The Spanish climber suggested he would adhere to the cycling code that says never chase down an attacking teammate on a summit finish, opening the door for the next round in the struggle for team leadership at the Astana squad.
“If we arrive to a mountain stage and Lance attacks, I will not follow him,” Contador said when asked by VeloNews at a rest-day press conference. “There are other riders who have to chase him down.”
Contador said he would return the favor to Armstrong, who stayed back with the other GC rivals on the summit finish at Arcalis in the Tour’s first of three summit finishes on Friday.
Contador attacked with just over two kilometers away, taking 21 seconds on Armstrong and Co. and climbing into second overall and knocking Armstrong into third.
He once again defended his decision to attack in Friday’s stage and downplayed suggestions that he broke team orders as suggested by Armstrong.
“In the morning, we had a team meeting and spoke about controlling the stage and to wait for the attacks. The attacks never came and I thought I could take benefit of the stage,” he said. “It’s one thing that’s said on the bus and something else once in the heat of the battle. I attacked and no one came with me. I knew I had to go as hard as I could to gain as much time as possible. The entire (Astana) team benefited.”

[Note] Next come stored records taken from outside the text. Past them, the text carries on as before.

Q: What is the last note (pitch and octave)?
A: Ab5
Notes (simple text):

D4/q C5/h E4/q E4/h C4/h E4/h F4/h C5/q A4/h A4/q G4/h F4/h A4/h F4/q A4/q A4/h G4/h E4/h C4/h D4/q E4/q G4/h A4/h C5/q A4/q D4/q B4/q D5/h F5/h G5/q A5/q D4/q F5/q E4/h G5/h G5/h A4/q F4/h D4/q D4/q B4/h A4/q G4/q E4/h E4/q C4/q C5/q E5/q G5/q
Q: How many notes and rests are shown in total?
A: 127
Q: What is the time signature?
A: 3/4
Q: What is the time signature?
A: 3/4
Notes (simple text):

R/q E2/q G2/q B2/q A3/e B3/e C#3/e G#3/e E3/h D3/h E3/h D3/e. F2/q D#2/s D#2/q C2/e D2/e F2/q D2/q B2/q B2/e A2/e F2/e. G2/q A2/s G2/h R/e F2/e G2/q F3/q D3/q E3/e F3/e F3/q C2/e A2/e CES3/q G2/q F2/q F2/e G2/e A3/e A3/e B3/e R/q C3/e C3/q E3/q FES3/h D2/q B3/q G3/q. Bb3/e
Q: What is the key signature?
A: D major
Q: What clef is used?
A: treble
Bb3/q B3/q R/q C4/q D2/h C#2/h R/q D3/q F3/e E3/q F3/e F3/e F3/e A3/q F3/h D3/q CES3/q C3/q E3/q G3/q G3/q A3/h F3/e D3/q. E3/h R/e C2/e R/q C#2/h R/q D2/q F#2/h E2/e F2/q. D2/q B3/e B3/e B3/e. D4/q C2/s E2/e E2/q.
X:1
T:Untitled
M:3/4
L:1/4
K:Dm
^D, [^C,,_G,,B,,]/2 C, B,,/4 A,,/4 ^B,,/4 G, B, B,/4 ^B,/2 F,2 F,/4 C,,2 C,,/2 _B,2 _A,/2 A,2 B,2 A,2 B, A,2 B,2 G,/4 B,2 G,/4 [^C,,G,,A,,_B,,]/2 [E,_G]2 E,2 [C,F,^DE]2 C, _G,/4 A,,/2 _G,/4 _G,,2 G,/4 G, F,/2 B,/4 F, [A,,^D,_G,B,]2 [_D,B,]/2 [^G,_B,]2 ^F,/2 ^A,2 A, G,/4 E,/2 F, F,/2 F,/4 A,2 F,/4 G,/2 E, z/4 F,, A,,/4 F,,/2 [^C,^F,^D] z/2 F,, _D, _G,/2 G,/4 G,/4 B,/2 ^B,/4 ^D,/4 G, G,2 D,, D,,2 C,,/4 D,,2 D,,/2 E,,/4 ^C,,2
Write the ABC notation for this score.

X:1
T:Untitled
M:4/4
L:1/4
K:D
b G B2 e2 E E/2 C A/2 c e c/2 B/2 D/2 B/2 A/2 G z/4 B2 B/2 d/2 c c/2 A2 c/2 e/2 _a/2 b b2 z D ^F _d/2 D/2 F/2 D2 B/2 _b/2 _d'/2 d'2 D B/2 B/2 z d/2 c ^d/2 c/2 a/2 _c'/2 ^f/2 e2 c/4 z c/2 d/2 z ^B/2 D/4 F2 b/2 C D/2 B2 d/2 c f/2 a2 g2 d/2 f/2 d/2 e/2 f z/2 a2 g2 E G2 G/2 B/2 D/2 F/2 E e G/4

The battle of minds between Armstrong and Contador will ratchet up as the Tour de France passes a series of transition stages this week heading toward a GC battle for the yellow jersey in the Alps.
More than 200 journalists and TV crews packed into a Novotel north of Limoges. There were so many journalists, the press conference was held under a tree near the swimming pool.
Team manager Johan Bruyneel was attending a team manager’s meeting and did not join. Armstrong spoke extensively to reporters after Sunday’s stage and did not hold a rest-day press conference.
All the attention was on Contador, who was cool as a cucumber as he played down suggestions that the Astana team is rife with tension, even though Armstrong admitted as much publicly in a television interview after Sunday’s ninth stage.
“There’s been a lot of polemic about my attack on Arcalis. I am calm. There’s no tension. I am concentrated on the race. I don’t worry about anything else. All this talk about team leadership is becoming a little tiring,” he said. “The situation on the team is normal. We all sit at the same dinner table to eat. Sometimes the talk of tension on the team is played up in the outside world more than is really true.”
Contador said the Tour is still wide open and said the yellow jersey might not be decided until the final climb up Mont Ventoux. He cited riders such as the Schleck brothers, Cadel Evans and Carlos Sastre as his most dangerous rivals.
He also downplayed suggestions that the Astana team is torn by divided loyalties between Armstrong and Contador, saying that the riders are “very professional” and will ride to protect the team leader.
“The Alps will clarify everything,” he said. “Perhaps there’s been better ambiance at other races (within the team), but everyone is here to win the Tour.”